● INFORMATION PROVIDED:

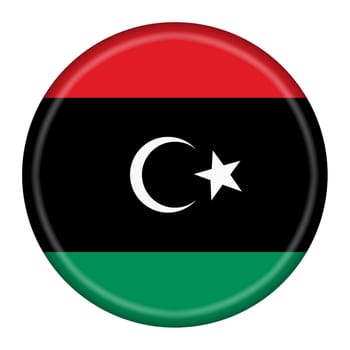 A Libya flag button 3d illustration with clipping path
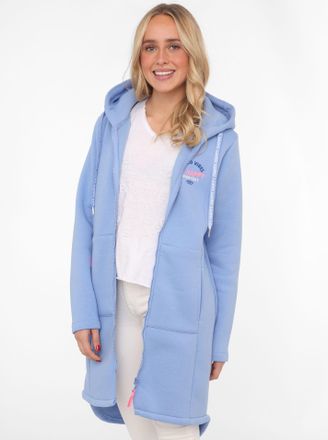 Zwillingsherz Jerseymantel ZWILLINGSHERZ Be happy & shine, Damen, Gr. L/XL (L/XL), blau, Obermaterial: 50% Baumwolle, 50% Polyester, comfort fit ca. Mitte Oberschen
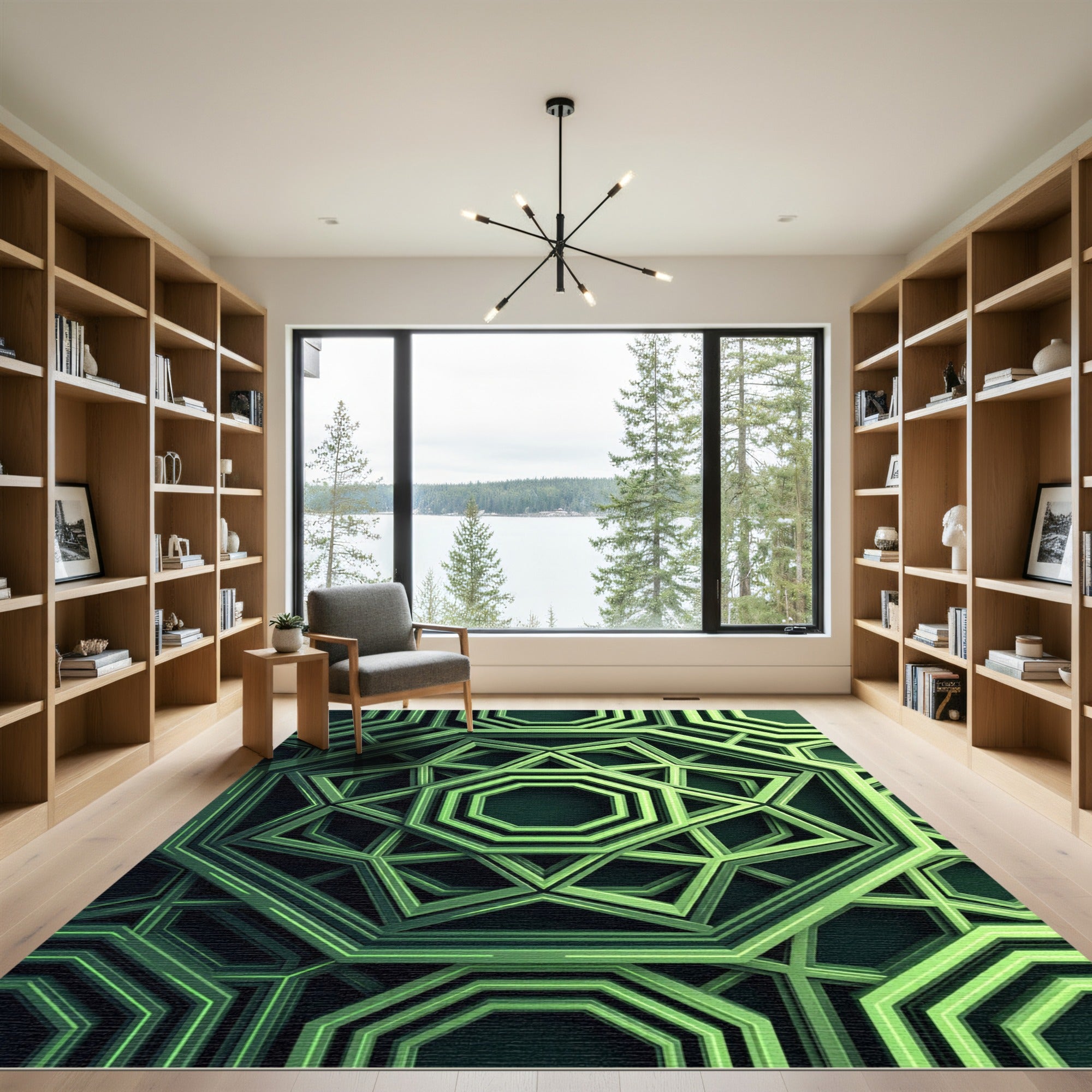 Emerald Geometric Octagon Star Medallion Rug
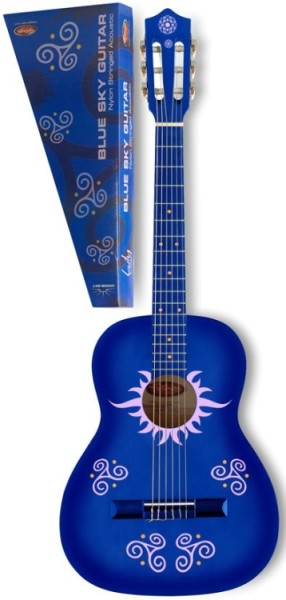 Stagg C505B-SKY Klassikgitarre für Kinder 1/4 Kindergitarre Blau mit Ornamenten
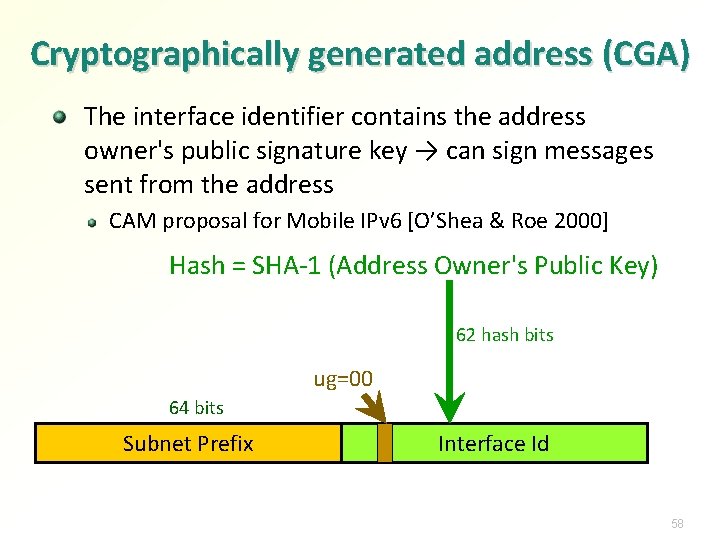 Cryptographically generated address (CGA) The interface identifier contains the address owner's public signature key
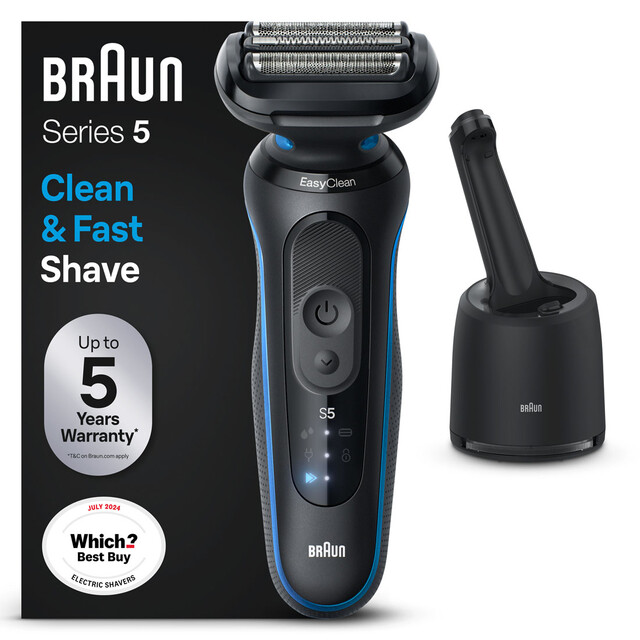BRAUN Series 5 Foil Electric Shaver w/ SmartCare Center | Wet & Dry Waterproof Design for men, 50 Min Cordless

● TASK PROMPT: The copy you give must repeat each record character for character, but it must not include the pictures.

● SOLUTION TO THIS PROBLEM:
 A Libya flag button 3d illustration with clipping path
 Zwillingsherz Jerseymantel ZWILLINGSHERZ Be happy & shine, Damen, Gr. L/XL (L/XL), blau, Obermaterial: 50% Baumwolle, 50% Polyester, comfort fit ca. Mitte Oberschen
 Emerald Geometric Octagon Star Medallion Rug
 Stagg C505B-SKY Klassikgitarre für Kinder 1/4 Kindergitarre Blau mit Ornamenten
 Cryptographically generated address (CGA) The interface identifier contains the address owner's public signature key
BRAUN Series 5 Foil Electric Shaver w/ SmartCare Center | Wet & Dry Waterproof Design for men, 50 Min Cordless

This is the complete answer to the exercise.